I am going to a party tonight and it is not every day I go to a party to which I will wear — or as the young people say, rock — a velvet dress. As it happened I am reading Ovid (The Erotic Poems) and stumble on his prescriptions for beauty. Lucky me. Now you might say: Ovid! What are his creds? to which I say Ovid is a lover of women and as such, he makes it is business to get all up in our business, including our complexions. That’s his niche. Let’s give a big shout-out to Ovid for his take on staying foxy:

Let me show you how, when you first wake in the morning your face can be bright and fresh. Take imported Libyan barley, strip off its outer husk and chaff, measure two pounds of stripped grain, and add an equal measure of vetch steeped in ten raw eggs. Let this mixture dry in the air, then have your donkey grind it slowly, taking the rough quern round; prepare two ounces of powdered hartshorn, taken from a vigorous stag’s first fallen antlers; stir this well into the powdery meal, then sift the mixture, at once, through fine-meshed sieves. Take twelve narcissus bulbs, skin them and pound them (Use a marble block); add them in, with two ouncees each of gum and Tuscan spelt-seed, and a pound and a half of honey. Any girl who uses a face-pack according to this prescription will shine brighter than her own Mirror.

The donkey is grinding my vetch right now.

4 Comments leave one →
  1. February 25, 2012 3:08 pm

    That does it, I’m definitely going to Mishawaka this morning. I’m sure they sell that at the mall!

  2. Jan Baiden permalink
    February 26, 2012 7:06 pm

    Move over Estee Lauder, I see a real business here. (Is the vetch organic?)

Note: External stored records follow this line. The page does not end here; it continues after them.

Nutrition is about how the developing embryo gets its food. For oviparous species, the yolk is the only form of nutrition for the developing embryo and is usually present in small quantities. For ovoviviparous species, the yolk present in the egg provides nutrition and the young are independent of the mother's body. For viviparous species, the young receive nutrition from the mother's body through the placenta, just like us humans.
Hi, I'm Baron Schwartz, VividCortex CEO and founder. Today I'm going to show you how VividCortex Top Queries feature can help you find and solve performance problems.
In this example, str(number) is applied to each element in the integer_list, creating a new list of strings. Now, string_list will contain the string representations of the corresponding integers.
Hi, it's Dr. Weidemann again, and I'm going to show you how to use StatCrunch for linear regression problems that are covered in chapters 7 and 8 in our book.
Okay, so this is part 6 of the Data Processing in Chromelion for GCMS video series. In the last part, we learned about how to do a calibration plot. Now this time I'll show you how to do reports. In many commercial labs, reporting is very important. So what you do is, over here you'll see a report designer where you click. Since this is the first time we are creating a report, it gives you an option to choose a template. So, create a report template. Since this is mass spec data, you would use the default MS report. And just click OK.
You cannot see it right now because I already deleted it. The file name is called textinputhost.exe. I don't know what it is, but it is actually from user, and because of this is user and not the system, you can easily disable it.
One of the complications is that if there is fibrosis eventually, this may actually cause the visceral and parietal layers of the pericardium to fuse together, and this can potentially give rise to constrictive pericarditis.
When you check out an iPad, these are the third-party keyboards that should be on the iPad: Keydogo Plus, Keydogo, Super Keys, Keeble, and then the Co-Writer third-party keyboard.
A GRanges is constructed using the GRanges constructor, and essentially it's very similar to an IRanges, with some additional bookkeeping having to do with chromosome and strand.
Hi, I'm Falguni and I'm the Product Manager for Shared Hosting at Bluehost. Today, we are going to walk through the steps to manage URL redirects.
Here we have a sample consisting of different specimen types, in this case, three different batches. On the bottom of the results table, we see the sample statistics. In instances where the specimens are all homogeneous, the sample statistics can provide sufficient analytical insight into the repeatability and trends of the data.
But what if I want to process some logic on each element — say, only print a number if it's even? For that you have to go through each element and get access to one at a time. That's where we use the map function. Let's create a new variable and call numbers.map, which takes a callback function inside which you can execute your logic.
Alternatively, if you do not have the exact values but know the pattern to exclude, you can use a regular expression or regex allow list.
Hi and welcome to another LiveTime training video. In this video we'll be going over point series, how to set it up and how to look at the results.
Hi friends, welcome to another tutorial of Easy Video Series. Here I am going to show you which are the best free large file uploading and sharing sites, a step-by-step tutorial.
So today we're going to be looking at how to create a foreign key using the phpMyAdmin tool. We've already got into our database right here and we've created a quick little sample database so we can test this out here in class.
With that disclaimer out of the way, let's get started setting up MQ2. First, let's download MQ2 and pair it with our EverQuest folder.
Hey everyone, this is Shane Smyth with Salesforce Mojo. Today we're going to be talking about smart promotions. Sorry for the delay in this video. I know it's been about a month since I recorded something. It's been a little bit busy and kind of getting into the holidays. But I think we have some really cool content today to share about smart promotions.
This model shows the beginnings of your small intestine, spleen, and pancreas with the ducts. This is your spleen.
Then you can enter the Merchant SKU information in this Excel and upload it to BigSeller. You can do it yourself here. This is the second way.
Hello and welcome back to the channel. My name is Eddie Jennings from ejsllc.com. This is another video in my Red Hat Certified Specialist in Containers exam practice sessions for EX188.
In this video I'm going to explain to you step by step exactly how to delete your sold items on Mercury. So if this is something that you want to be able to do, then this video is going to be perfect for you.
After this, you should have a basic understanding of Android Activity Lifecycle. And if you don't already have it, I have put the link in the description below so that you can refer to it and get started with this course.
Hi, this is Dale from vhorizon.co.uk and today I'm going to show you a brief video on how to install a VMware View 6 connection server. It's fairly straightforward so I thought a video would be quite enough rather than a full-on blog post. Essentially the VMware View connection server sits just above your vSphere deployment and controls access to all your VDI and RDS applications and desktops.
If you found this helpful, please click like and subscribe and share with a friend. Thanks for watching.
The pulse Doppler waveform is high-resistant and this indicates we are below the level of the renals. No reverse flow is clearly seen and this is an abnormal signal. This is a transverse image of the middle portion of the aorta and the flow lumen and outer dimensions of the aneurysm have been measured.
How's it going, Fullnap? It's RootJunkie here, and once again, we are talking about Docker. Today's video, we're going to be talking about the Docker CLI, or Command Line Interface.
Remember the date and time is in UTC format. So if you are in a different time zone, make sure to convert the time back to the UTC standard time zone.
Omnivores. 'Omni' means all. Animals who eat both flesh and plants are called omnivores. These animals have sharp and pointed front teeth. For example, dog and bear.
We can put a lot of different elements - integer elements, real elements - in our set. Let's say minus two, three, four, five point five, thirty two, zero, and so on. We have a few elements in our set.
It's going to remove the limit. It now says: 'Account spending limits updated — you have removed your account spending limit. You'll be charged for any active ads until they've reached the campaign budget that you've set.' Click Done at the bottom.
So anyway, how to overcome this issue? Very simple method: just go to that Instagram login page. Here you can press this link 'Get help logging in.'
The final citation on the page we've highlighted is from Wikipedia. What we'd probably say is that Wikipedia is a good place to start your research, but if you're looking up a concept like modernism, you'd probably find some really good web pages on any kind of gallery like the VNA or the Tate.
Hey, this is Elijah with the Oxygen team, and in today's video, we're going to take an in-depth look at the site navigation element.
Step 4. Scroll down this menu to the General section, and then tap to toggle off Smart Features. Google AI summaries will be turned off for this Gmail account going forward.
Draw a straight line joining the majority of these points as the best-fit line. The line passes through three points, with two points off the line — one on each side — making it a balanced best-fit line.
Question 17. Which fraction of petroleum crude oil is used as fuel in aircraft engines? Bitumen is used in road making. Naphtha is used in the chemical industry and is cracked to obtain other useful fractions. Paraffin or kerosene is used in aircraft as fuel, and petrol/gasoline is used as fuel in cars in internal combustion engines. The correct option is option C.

  3. Matt Nicodemus permalink
    February 26, 2012 11:11 pm

    And when Ovid’s ladies were impatient to put on their faces and the donKey was taking way too long, they’d sit around complaining to each other, hence the word “kvetch”.

  4. Matt Nicodemus permalink
    February 26, 2012 11:15 pm

    Further fascinating study shows that the vetch was dug up from under the ground by a special breed of canine, who their lovely masters would call to the task by yelling out the object of their trained desire. From that evolved “Fetch!”